On Friday, January 10, 2014 1:49:28 AM UTC-6, Mike Christie wrote:
>
> On 1/9/14 9:17 PM, Fred Smit wrote: 
> > I notice that Ubuntu has an installation option to install directly to 
> an 
> > iScsi target . 
> > 
> > I assume this means that the intelligence to boot a kernel with the 
> proper 
> > bootags passed in using the default initrd.gz can be px(bootp) e booted 
> > into a iscsi diskless environment? 
> > 
> > I recall trying iscsi booting years ago and the amount of work / 
> > infrastructure to get it working was overwhelming. 
> > 
> > 
> > ps. this is powerpc platform. not Intel. 
> > 
> > 
>
> I don't know the implementation details but it is either pxe boot or 
> some nics and systems have mini iscsi initiators that are used instead. 

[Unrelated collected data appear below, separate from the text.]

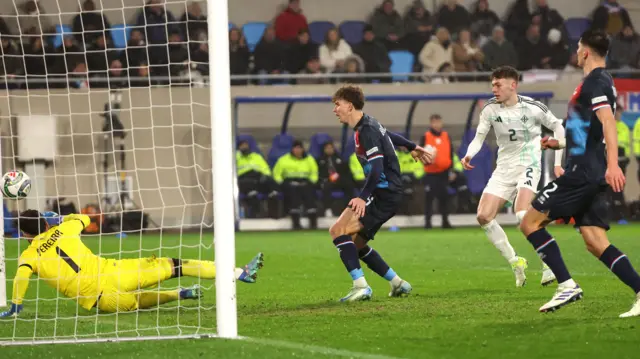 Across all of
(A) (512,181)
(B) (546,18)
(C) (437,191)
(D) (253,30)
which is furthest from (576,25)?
(A) (512,181)

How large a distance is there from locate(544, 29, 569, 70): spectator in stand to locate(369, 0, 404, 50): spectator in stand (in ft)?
10.5

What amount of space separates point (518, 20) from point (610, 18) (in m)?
2.05

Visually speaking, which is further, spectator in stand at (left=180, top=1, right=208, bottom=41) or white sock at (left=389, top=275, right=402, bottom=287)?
spectator in stand at (left=180, top=1, right=208, bottom=41)

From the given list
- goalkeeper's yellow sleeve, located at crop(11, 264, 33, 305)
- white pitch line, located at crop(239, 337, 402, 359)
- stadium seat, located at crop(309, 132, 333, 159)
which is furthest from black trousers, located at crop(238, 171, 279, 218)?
white pitch line, located at crop(239, 337, 402, 359)

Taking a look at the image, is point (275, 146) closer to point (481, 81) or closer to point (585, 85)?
point (481, 81)

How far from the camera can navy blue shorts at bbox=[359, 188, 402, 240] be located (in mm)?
8516

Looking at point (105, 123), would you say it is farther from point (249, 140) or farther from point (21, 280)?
point (21, 280)

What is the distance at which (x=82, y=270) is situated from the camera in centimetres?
788

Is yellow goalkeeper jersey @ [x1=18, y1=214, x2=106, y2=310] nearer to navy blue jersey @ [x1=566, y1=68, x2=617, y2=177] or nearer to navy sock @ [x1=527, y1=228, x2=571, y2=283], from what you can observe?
navy sock @ [x1=527, y1=228, x2=571, y2=283]

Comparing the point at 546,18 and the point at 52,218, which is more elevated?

> They use iscsi to bring in the kernel and initrd, then the initrd runs 
> iscsiadm/iscsistart which reads the iscsi settings the mini initiator 
> used and then uses that info to create a iscsi session for the rest of 
> the boot process. 
>
> RHEL/OEL and SLES has supported this for a while. 
>
> Is this IBM ppc box? If so then does your system have a mini iscsi 
> initiator on the system? In the open firmware is there some iscsi boot 
> setup stuff? There is some iscsiadm/iscsistart code for some IBM ppc 
> boxes, where you do not need to use pxe because it has a mini iscsi 
> initiator. It loads the initrd and kernel and from there the iscsi tools 
> read the iscsi settings/target from that open firmware tree and then use 
> that info to do the rest of the boot.